***** Data to examine *****

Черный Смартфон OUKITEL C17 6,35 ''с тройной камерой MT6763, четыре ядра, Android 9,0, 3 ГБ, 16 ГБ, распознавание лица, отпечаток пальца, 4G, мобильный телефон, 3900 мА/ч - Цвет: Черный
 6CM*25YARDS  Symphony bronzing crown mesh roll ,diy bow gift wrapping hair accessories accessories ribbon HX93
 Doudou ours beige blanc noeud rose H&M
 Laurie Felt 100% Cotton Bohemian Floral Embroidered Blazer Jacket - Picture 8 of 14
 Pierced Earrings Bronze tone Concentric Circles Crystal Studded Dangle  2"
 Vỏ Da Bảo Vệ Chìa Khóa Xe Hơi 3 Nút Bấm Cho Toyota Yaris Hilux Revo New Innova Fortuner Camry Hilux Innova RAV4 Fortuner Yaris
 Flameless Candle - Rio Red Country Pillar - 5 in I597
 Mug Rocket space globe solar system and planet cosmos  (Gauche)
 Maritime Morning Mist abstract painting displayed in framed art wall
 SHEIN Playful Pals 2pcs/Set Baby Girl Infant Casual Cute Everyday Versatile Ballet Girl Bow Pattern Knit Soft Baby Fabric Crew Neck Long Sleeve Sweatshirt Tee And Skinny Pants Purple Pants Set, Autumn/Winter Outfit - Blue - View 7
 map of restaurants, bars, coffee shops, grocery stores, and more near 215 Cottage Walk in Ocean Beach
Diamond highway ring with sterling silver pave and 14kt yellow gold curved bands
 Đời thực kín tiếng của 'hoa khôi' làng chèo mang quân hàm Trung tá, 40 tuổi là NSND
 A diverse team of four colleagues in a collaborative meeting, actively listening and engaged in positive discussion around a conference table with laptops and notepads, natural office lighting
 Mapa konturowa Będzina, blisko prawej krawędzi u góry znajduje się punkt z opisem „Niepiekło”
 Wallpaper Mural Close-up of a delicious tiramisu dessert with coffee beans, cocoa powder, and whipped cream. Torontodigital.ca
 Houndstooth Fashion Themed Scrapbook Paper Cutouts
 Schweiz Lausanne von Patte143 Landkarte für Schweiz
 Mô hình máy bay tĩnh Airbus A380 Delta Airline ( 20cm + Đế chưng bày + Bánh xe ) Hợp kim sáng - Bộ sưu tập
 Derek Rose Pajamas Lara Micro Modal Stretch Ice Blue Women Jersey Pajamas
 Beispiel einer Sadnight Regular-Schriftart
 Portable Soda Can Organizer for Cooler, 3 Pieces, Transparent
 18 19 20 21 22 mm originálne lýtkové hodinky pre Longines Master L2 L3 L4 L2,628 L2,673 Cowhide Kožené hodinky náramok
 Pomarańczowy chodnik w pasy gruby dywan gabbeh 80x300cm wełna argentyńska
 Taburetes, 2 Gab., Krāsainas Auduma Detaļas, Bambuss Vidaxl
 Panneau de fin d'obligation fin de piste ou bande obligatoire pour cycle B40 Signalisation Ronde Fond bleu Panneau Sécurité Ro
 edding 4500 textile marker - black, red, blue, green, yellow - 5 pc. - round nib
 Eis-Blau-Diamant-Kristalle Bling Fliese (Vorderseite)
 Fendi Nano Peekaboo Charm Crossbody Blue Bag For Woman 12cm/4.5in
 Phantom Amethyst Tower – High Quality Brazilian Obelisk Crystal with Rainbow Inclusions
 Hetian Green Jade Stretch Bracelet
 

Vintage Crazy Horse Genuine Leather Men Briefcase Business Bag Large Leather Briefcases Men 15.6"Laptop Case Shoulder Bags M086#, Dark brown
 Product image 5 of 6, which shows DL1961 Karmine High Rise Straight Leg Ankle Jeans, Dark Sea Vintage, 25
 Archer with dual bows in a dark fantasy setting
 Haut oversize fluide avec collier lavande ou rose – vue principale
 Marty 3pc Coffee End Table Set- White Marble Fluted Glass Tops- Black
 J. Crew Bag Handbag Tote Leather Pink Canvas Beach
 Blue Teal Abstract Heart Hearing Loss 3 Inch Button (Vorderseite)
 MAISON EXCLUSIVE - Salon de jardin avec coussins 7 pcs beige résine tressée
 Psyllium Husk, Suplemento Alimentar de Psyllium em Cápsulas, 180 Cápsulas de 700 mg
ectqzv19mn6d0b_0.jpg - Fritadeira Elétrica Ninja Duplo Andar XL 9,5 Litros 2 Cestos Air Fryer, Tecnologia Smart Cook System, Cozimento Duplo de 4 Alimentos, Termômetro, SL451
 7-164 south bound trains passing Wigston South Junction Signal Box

*****

Exercise aim
Which lines run from the one holding "SHEIN Playful Pals" through the one holding "map of restaurants, bars, coffee" in the records above? Repeat them exactly, both included, and nothing more.

Output
 SHEIN Playful Pals 2pcs/Set Baby Girl Infant Casual Cute Everyday Versatile Ballet Girl Bow Pattern Knit Soft Baby Fabric Crew Neck Long Sleeve Sweatshirt Tee And Skinny Pants Purple Pants Set, Autumn/Winter Outfit - Blue - View 7
 map of restaurants, bars, coffee shops, grocery stores, and more near 215 Cottage Walk in Ocean Beach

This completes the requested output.